- Recorded information
↓

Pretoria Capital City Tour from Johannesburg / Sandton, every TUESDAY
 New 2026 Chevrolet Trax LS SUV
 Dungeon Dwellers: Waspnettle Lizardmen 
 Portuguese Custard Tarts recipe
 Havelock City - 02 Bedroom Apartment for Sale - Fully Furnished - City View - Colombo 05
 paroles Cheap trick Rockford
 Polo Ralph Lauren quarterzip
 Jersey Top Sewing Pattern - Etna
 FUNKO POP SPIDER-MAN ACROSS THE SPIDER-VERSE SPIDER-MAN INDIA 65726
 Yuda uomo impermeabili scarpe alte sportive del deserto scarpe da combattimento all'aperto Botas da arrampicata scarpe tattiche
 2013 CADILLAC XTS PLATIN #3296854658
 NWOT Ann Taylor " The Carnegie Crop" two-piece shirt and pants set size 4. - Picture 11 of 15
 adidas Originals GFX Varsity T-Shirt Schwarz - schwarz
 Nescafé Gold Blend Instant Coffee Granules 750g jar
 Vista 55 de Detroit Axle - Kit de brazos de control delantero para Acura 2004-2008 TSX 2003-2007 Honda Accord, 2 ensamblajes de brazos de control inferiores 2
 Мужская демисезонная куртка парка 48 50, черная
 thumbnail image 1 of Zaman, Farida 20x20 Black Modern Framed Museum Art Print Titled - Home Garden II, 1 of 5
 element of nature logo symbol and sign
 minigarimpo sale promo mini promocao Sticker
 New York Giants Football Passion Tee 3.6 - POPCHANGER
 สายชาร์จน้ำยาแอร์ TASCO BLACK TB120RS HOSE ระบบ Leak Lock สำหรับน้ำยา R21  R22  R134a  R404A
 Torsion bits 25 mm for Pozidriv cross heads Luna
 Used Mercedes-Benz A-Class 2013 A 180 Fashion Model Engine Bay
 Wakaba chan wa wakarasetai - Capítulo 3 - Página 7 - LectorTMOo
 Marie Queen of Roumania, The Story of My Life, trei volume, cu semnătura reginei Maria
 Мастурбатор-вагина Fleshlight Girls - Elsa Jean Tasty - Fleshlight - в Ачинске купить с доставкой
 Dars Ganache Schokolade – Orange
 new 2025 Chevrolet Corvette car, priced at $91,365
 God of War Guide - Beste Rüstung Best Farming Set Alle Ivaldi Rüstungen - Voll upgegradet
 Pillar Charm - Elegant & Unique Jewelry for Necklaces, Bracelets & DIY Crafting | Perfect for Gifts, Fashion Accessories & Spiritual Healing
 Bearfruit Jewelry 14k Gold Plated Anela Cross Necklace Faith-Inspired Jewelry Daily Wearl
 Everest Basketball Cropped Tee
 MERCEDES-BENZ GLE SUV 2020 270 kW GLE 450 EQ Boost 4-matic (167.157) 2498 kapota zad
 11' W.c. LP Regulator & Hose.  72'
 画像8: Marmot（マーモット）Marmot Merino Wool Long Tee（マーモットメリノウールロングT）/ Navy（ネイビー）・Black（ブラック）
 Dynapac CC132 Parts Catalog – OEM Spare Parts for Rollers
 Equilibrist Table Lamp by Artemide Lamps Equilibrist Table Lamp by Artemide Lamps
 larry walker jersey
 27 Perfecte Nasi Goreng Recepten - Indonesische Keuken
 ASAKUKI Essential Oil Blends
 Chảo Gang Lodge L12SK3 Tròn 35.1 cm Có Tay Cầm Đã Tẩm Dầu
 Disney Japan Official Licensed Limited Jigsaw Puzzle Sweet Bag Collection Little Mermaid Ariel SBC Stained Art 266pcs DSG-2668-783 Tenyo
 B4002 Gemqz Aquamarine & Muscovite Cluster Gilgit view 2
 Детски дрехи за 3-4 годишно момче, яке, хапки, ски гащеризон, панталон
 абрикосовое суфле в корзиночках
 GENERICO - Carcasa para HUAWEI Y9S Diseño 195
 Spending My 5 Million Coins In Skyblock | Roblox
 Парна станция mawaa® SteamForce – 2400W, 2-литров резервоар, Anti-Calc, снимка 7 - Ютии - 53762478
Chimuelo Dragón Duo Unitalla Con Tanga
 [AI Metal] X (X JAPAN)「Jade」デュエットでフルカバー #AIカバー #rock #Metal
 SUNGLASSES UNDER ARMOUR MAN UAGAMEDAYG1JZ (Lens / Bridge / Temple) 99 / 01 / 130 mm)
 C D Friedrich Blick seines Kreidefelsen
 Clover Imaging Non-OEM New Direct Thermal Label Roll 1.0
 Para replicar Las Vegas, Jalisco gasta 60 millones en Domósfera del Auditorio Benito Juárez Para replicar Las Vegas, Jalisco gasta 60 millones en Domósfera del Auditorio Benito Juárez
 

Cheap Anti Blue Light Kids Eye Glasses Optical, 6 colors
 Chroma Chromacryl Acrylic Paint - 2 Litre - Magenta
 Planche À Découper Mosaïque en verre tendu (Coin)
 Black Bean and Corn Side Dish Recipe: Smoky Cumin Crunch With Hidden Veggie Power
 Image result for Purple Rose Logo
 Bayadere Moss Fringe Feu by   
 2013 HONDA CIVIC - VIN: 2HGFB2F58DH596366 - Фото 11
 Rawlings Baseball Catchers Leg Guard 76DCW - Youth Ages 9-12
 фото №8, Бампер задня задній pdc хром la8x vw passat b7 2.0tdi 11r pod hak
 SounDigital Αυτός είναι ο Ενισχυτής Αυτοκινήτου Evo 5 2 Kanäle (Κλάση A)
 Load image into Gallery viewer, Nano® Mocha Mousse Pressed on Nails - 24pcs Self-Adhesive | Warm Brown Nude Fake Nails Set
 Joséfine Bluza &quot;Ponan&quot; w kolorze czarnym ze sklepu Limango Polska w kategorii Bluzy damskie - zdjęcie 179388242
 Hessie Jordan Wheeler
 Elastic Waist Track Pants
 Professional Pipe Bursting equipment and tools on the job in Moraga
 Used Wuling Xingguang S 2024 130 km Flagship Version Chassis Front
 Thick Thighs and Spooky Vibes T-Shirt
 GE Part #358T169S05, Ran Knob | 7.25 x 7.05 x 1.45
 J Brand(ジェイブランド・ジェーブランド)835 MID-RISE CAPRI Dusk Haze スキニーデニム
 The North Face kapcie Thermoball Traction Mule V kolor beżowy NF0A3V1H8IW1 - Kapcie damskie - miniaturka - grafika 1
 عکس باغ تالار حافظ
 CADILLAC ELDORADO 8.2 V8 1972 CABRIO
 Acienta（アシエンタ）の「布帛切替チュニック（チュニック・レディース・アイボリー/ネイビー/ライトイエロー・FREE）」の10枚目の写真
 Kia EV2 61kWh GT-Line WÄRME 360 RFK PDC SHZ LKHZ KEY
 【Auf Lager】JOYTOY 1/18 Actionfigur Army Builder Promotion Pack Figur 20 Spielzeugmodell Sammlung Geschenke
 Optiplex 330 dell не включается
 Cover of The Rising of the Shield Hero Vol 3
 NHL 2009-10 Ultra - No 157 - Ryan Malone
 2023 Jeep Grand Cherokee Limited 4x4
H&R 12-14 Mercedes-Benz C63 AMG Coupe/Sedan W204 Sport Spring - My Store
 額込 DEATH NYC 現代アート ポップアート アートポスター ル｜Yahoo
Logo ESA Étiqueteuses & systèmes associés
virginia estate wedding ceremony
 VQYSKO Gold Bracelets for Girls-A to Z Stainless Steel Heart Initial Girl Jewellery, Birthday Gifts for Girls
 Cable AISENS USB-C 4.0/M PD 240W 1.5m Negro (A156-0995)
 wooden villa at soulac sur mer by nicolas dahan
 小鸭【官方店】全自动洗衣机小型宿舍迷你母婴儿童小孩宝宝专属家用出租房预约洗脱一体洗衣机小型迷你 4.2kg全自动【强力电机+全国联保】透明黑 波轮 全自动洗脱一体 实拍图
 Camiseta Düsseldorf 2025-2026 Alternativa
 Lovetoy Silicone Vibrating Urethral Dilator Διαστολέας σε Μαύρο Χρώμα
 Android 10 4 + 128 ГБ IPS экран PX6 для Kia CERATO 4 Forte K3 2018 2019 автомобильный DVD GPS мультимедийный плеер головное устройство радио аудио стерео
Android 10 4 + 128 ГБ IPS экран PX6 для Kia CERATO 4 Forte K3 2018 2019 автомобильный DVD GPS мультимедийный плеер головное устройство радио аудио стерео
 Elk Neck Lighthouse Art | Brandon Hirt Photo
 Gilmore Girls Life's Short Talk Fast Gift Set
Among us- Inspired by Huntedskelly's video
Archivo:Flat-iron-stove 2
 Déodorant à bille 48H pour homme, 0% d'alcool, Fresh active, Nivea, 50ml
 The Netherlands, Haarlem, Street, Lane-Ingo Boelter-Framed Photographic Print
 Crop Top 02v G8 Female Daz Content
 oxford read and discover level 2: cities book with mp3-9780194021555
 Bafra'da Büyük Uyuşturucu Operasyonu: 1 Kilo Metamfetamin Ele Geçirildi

↑

Word for word, repeat the data from its first line through the line with "Polo Ralph Lauren quarterzip", including both of those lines and no others.

- Answer space
Pretoria Capital City Tour from Johannesburg / Sandton, every TUESDAY
 New 2026 Chevrolet Trax LS SUV
 Dungeon Dwellers: Waspnettle Lizardmen 
 Portuguese Custard Tarts recipe
 Havelock City - 02 Bedroom Apartment for Sale - Fully Furnished - City View - Colombo 05
 paroles Cheap trick Rockford
 Polo Ralph Lauren quarterzip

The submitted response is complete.